Andrew: All right, well, there was more to be said by David Heyman. HPANA, the Harry Potter Automatic News Aggregator, asked him, “How are the screenplays by Steve Kloves coming along for Book 7 – Movie 7?”
Andrew: Heyman said, “They will be very faithful to the book. One of the pleasures of having the time to make two films means we will be able to go into more detail than we might otherwise have been able to do. If we had only done one film, we were concerned that we might have to remove the Deathly Hallows.”
Andrew: “We never went that far, but that would have been something that might have had to come out, which would have been terrible. The script is coming along well. I have read the first half of the adaptation. I have not read the second half. That should be coming in the next few weeks.” So it seems like they already know where the split is, that means.
Laura: Mhm. Yeah.
Matt: Cool. Cool, cool.
Micah: It bothers me, though…
Micah: [laughs] …that they would even consider leaving out…
Laura: Consider – yeah.
Micah: …the Deathly Hallows. That’s the name of the movie.
Andrew: That’s so wrong!
Micah: I mean…
Andrew: Yeah, they’d have to rename it.
Laura: Harry Potter and…
Matt: Harry Potter and the Last Book.
Andrew: Harry Potter and Voldemort.
Laura: Do you think they would have renamed the movie?
Andrew: Well, wouldn’t they sort of have to if they cut out that whole plot?
Matt: They would have to if they cut out – yeah.
Eric: Well, I think what he means too, is a lot of the backstory too, and think of all the creative things they’ll be able to do with the tale – maybe even the Tales of Beedle the Bard, getting that – getting the story put to film, “The Three Brothers.”

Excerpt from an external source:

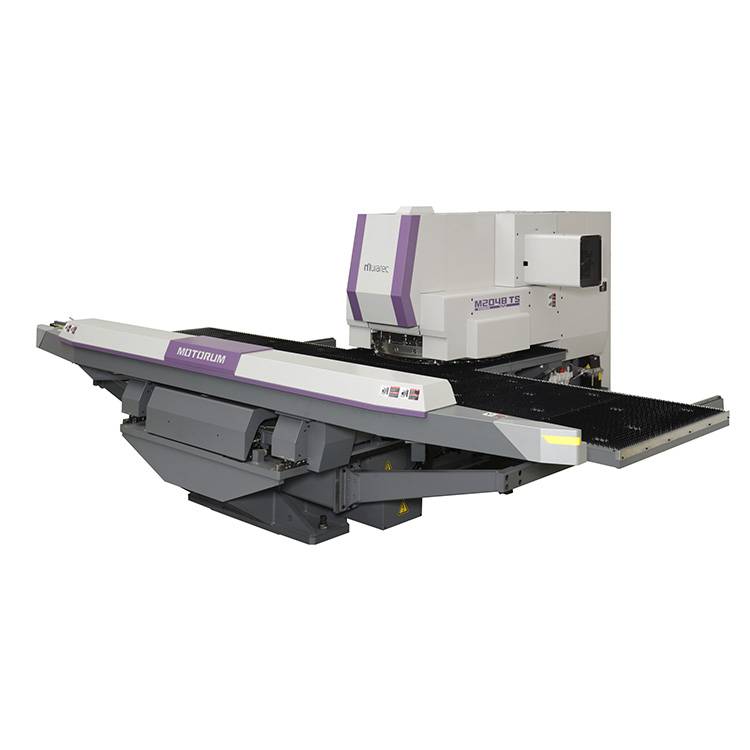 CNC press + automatic loading and unloading and sorting system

Eric: Who knows if they’ll do that? I mean – you know. So, they could have gone into elaboration. They might have the Hallows but not be able to explain it.

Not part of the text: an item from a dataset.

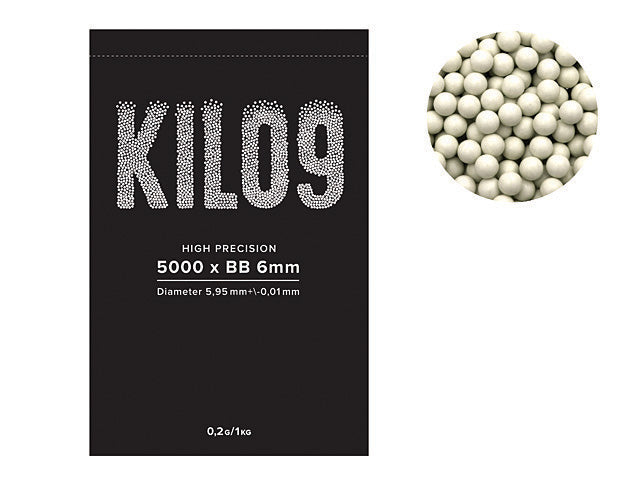 0,20G PRECISION 6MM AIRSOFT BB - 5000RD [KILO9] - Terminal Airsoft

Andrew: Harry Potter and the Quest for the Horcruxes.
Eric: Well, it’s like having the Marauder’s Map and not learning who the Marauders are.

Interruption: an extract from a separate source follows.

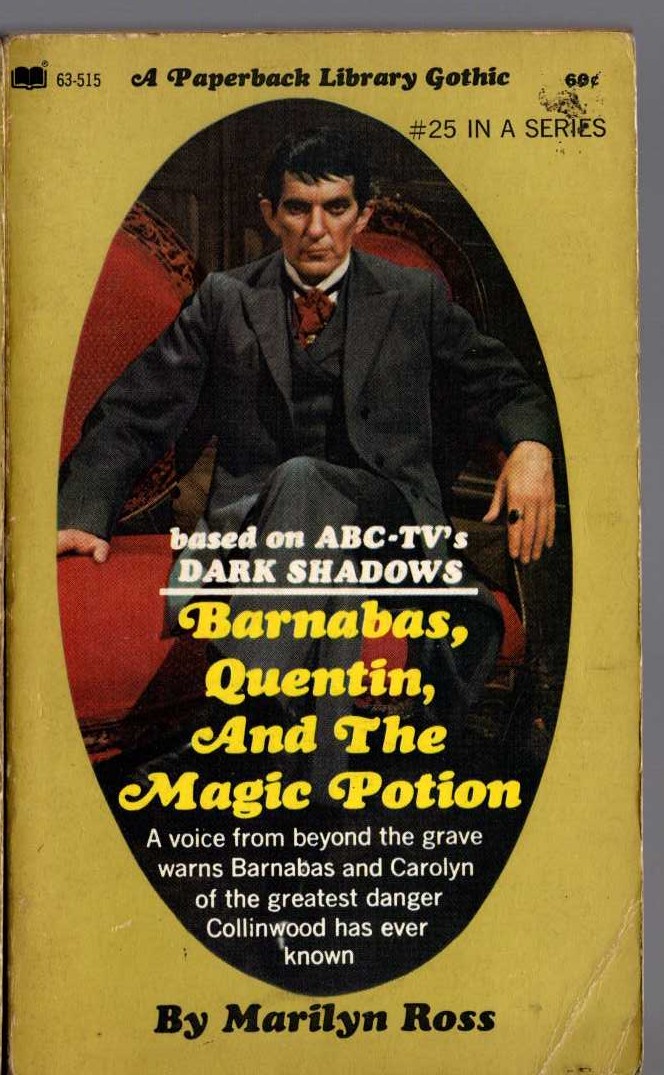 Marilyn Ross  BARNABAS, QUENTIN, AND THE MAGIC POTION front book cover image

Andrew: Right, yeah. Or Sorcerer’s Stone not having the Sorcerer’s Stone in the plot. It just doesn’t make sense.
Micah: Yeah, and it…
Eric: No, I mean in the movie we didn’t learn who the Marauders were.
Micah: His statement here though, is…
Laura: Yeah, but the movie wasn’t called Harry Potter and the Marauder’s Map.
Andrew: [laughs] Yeah.
Eric: Oh, okay. Still a plot-hole.
Laura: No, it is. It’s not as significant.
Matt: Well, if you want to go with plot-holes, we’ll be here all day with the movies.
Eric: Oh, it’s true. It’s true. Right.
Micah: And his statement here is the complete opposite of what he answers with the other question that we just looked at earlier. He’s saying here, “Hey…”
Andrew: “It’d be terrible to cut stuff out”?
Micah: Yeah, exactly. We – this is basically him saying, “We’ve screwed up so much in the first six films that we have to go ahead and make sure we cram everything in these last two, because if we don’t…” But then, yet, you look at the fact that he goes out and leaves the Battle at Hogwarts at the end of Half-Blood Prince out. He leaves out…
Micah: …Dumbledore’s funeral, and yet in the next question he’s talking about having to put as much in as possible. You know, it – which one is it? I mean, do you really care that much?
Matt: Well, what are your guys’ opinions?
Eric: Well, a lot of stuff separately happens in Book 7 that doesn’t necessarily make complete sense telling a linear story. A lot of stuff happens for a lot of separate different reasons. Sure, Harry is hunting down the Horcruxes, but all the separate scenes in that movie – I can’t imagine what it would be like cramming that all into one film, showing them here at this location and here at that location.
Eric: The movie would’ve been a mess!
Eric: It would have been an utter mess. There’s a lot of stuff – guys, I should tell you now, what I did just today and yesterday, I reread the last seven or so chapters of Book 7. I loved it the second time around, by the way, guys, but I wanted to say that just reading the Battle of Hogwarts scene, it goes on forever, and that alone could be a two and a half hour movie. I would want it to be, and thinking of all the renegade plots, all the things that the trio goes through before they get back to Hogwarts, which is essentially where we left off – where I picked the book back up again, that’s a lot of stuff, and…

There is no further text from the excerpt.